Living room system now has a chairside Behringer DEQ 2496 for fine tuning EQ and level. This is heavenly compared with the old getting down on my knees and squinting to adjust the stack of DEQ units on the floor. It's also wonderful to be able to change the level so easily, rather than fumbling with the universal remote to control the Tact digital preamp. Now I can just twist the knob (though I have to select the proper Utilities page) which makes changes in fast 0.5dB increments (great for fast level adjusting, though not perfect for real adjustments and tests...which you would have thought more like the intended purpose).
I had long intended to have something like this, but my "extra" DEQ unit kept getting called for something else. So this unit was only last month "liberated" from the bedroom system, replaced by a miniDSP OpenDRC, which is my new go-to EQ device for permanent settings. The Behringers are nicer for on-the-fly adjusting, where you can monitor and see what you are doing quickly. It's sad if they are now as it seems being discontinued (though Adorama seems to be taking pre-orders) and not replaced by something.
Anyway, while it lasts, I now have a long time dream, chairside volume and EQ. Too bad it doesn't also do absolute polarity, L-R, and a few things like that. (It does do mono, which the miniDSP's don't.) But what it does do will allow infinite tests and potential improvements. And since the DEQ has full digitial I/O (in AES no less) there is zero noise and distortion.

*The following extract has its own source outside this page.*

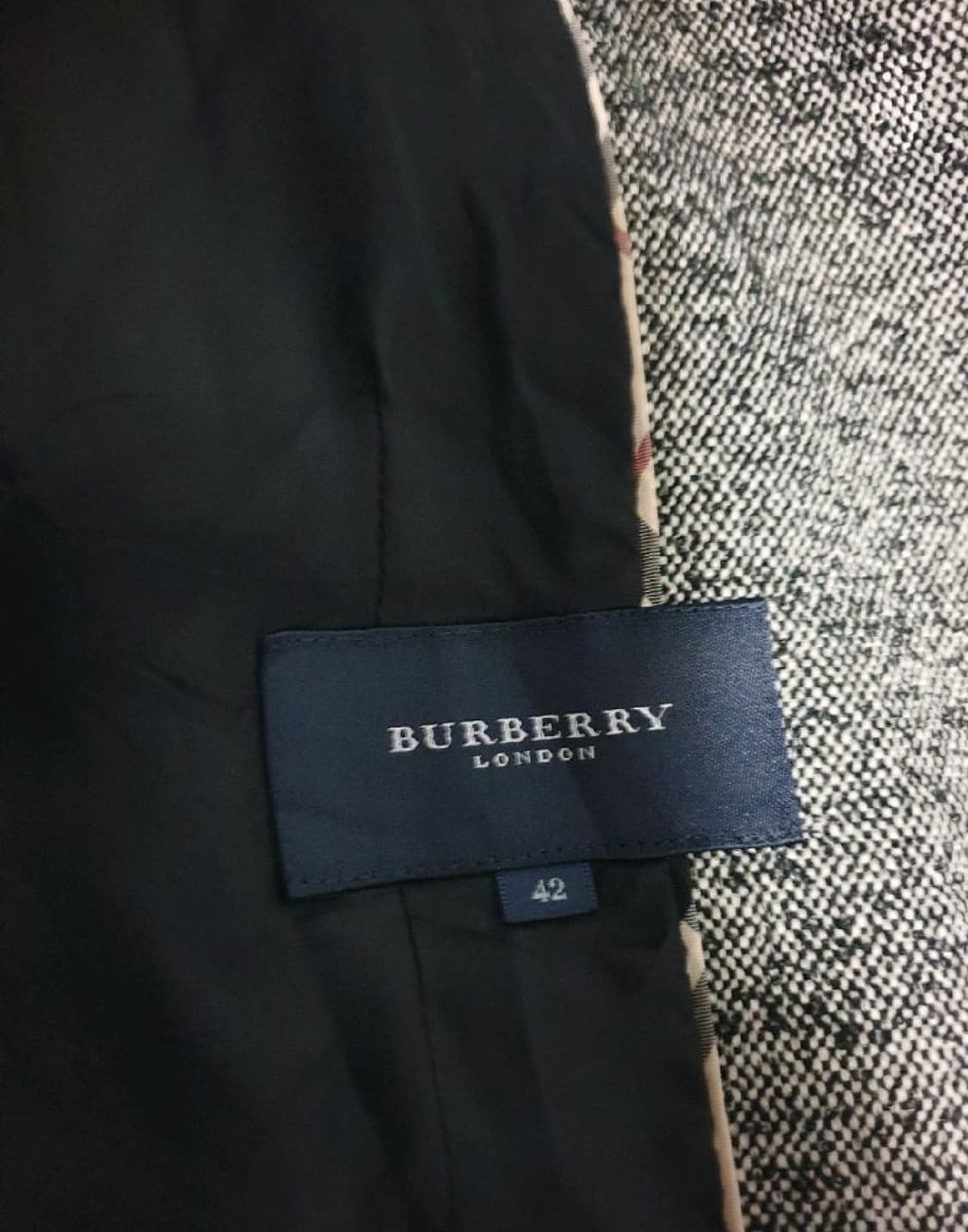 (일본판) 버버리 우먼 앙고라퍼 헤링본 울 럭셔리 자켓 그레이 (66) 상품이미지3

I had hopes and dreams like this as a kid. I lusted over equalizer laden preamps like the Soundcraftsmen, Citation Eleven, and Phase Linear 4000, and ultimately the Cello Audio Pallette which was designed by Dick Burwen. I imagined having the controls chairside, which never happened. (Now, I have no need for analog Preamps, except in the limited domain of LP playback, where the preamp is near the turntable. And I didn't like the Soundcraftsmen or Citation Eleven much either, and they certainly weren't zero noise and distortion.)
Not long ago I came across an Audio magazine interview with Dick Burwen back in 1976 which I read back then. He has long been a believer in many daring kinds electronic processing, only starting with EQ. Even then, 1/3 octave graphic EQ was long available for professionals and I had lusted for it, and Burwen has always had his own EQ and other processors, he could do everything possible on his home system. Now almost anyone can do the EQ and other stuff fairly cheaply, but far more money is wasted on tweaks doing nothing. (Burwen used to have a whole bunch of new software solutions...at the link above....but no longer available. Sound interesting.) Burwen's new thing, BOBCAT, if you could even get it, requires a dedicated PC and audio interface (which I happen to have, for experimental purposes, and I wouldn't want to have the laptop fan running all the time during listening, and IMO PC's are a bitch to deal with because of updates and crap...one of my continuing accomplishments has been keeping a "computer" and it's world of nonsense out of the living room, except indirectly through Roon controlled by phone, etc).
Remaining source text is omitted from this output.